• [Problem description]:
Set down the entries below exactly; drop the pictures.

• [Exercise material]:
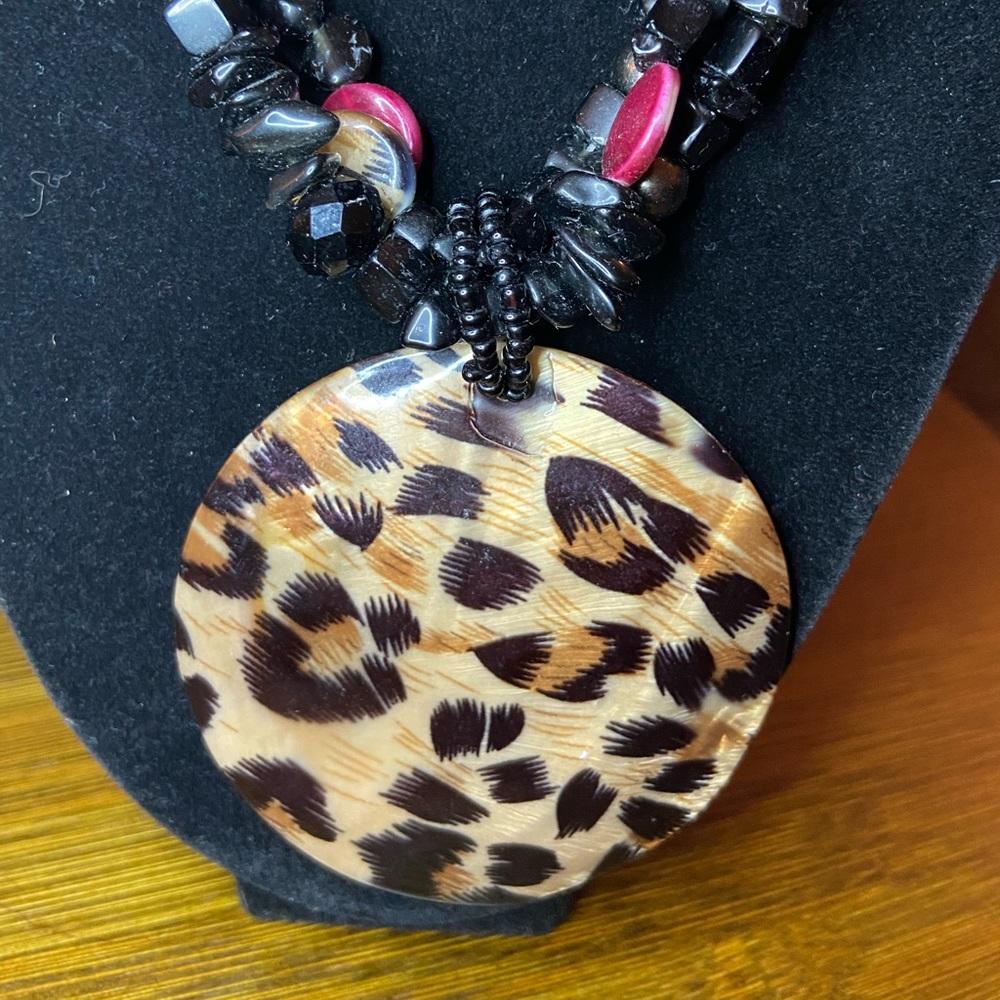 Necklace - Picture 2 of 3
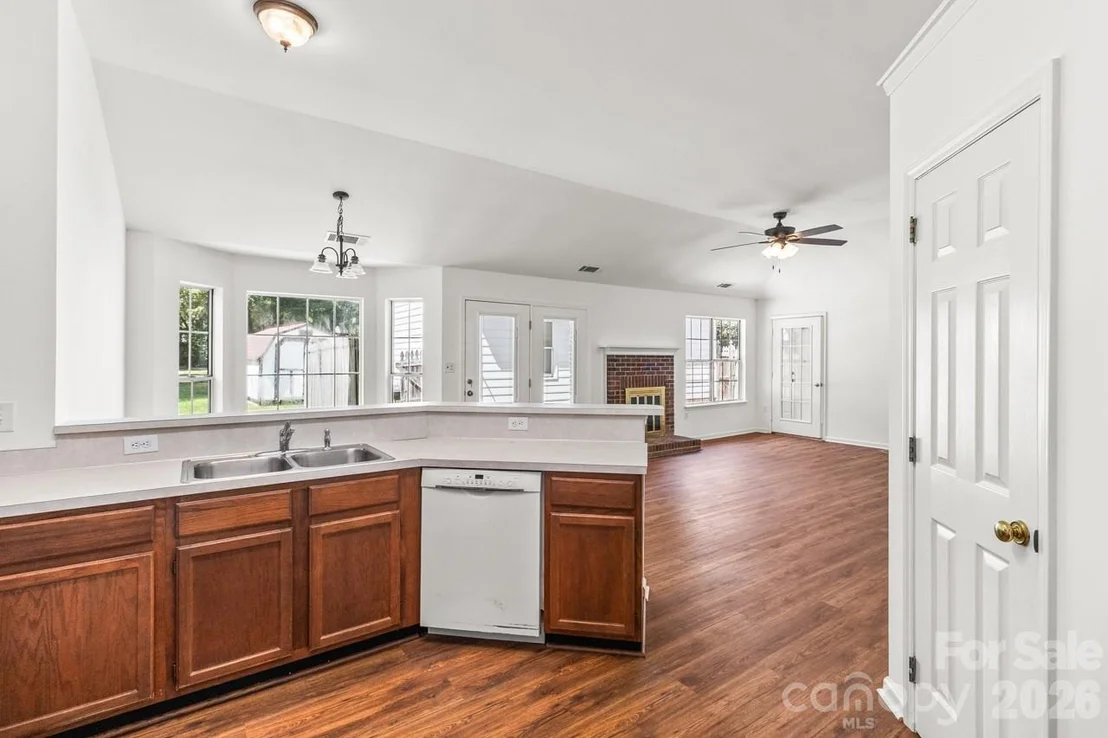 Photo of 739 Oakbluff Circle
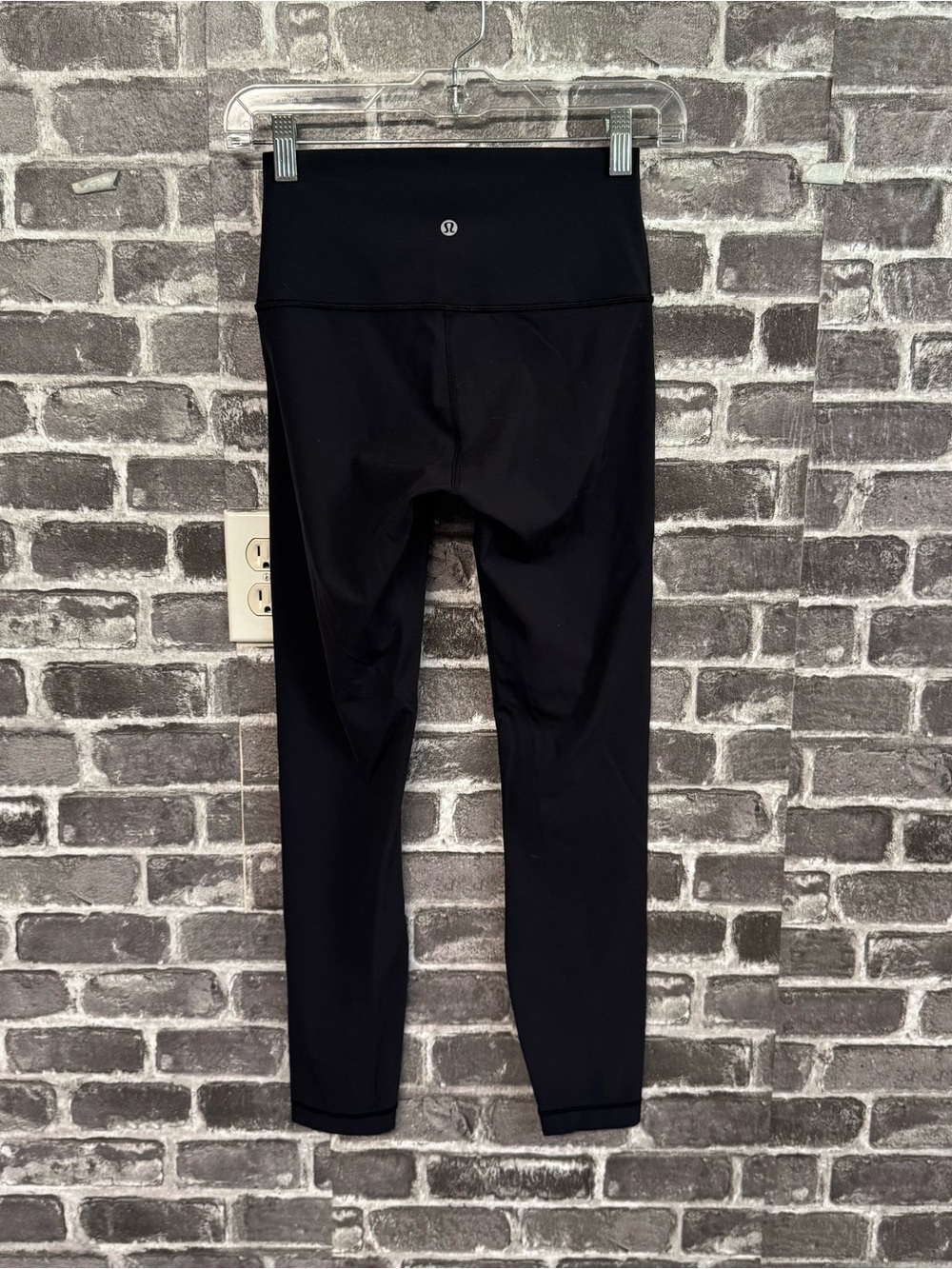 Lululemon Wunder Under Hi-Rise 7/8 Tight Full-On Luxtreme 25" Black leggings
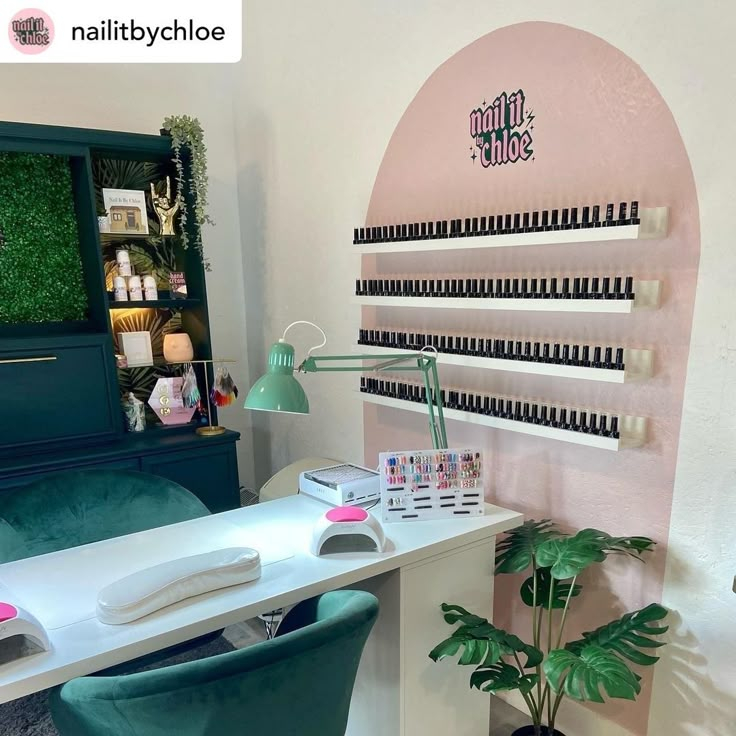 Nail Salon Design Pictures with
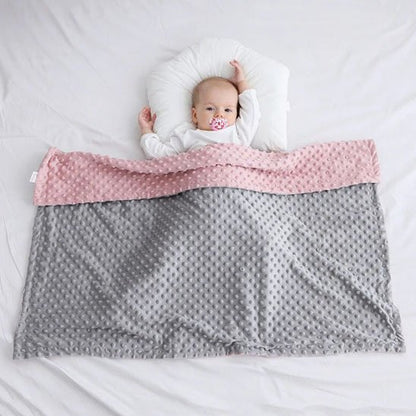 Couverture bébé étalé sur un bébé allongé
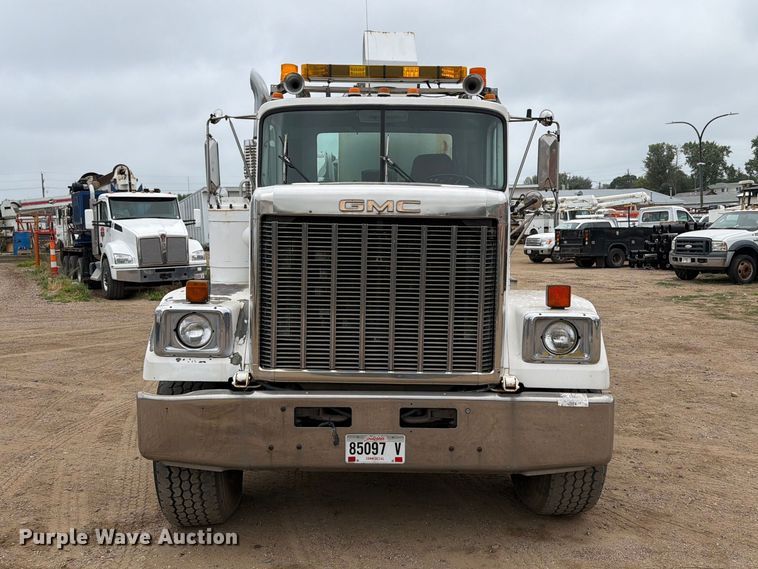 1988 GMC General Under Bridge Inspection Truck - photo 2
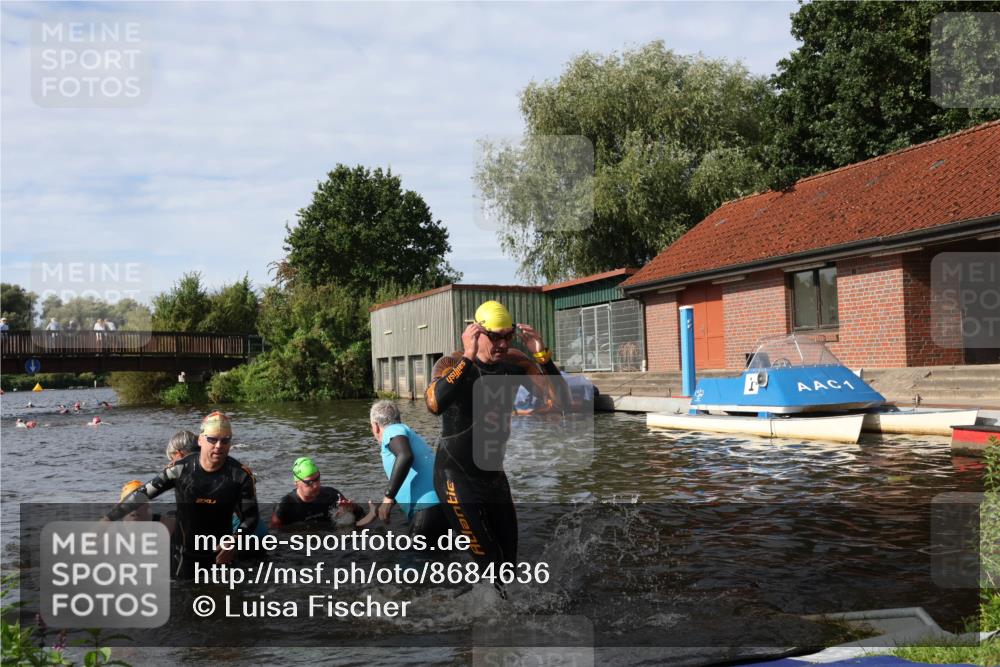 31.08.2025 - Elbe Triathlon Hamburg Luisa Fischer http://msf.ph/oto/8684636 31.08.2025 10:29:59 Schwimmen 1255, 1273, 1303, 1312, 1323 meine-sportfotos.de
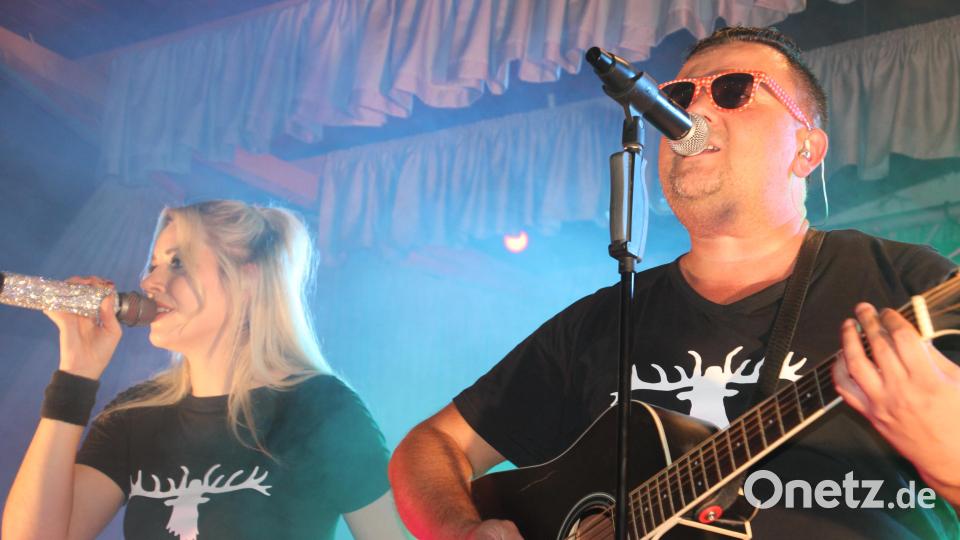 Die Party-Band &quot;Klostergold&quot; heizte mächtig ein. Bild: kro
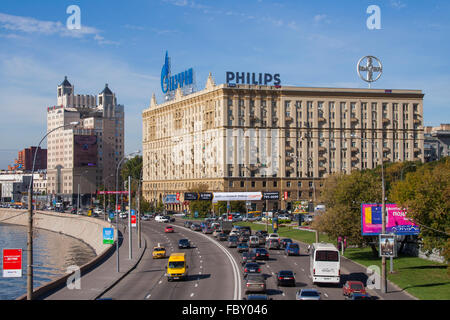 Appartementhaus am Ufer des Flusses Moskwa gegenüber dem Radisson Royal Moscow Hotel (ehemaliges Hotel Ukraina), Moskau, Russland Stockfoto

• [Response below]:
 Necklace - Picture 2 of 3
 Photo of 739 Oakbluff Circle
 Lululemon Wunder Under Hi-Rise 7/8 Tight Full-On Luxtreme 25" Black leggings
 Nail Salon Design Pictures with
 Couverture bébé étalé sur un bébé allongé
 1988 GMC General Under Bridge Inspection Truck - photo 2
 31.08.2025 - Elbe Triathlon Hamburg Luisa Fischer http://msf.ph/oto/8684636 31.08.2025 10:29:59 Schwimmen 1255, 1273, 1303, 1312, 1323 meine-sportfotos.de
 Die Party-Band &quot;Klostergold&quot; heizte mächtig ein. Bild: kro
 Appartementhaus am Ufer des Flusses Moskwa gegenüber dem Radisson Royal Moscow Hotel (ehemaliges Hotel Ukraina), Moskau, Russland Stockfoto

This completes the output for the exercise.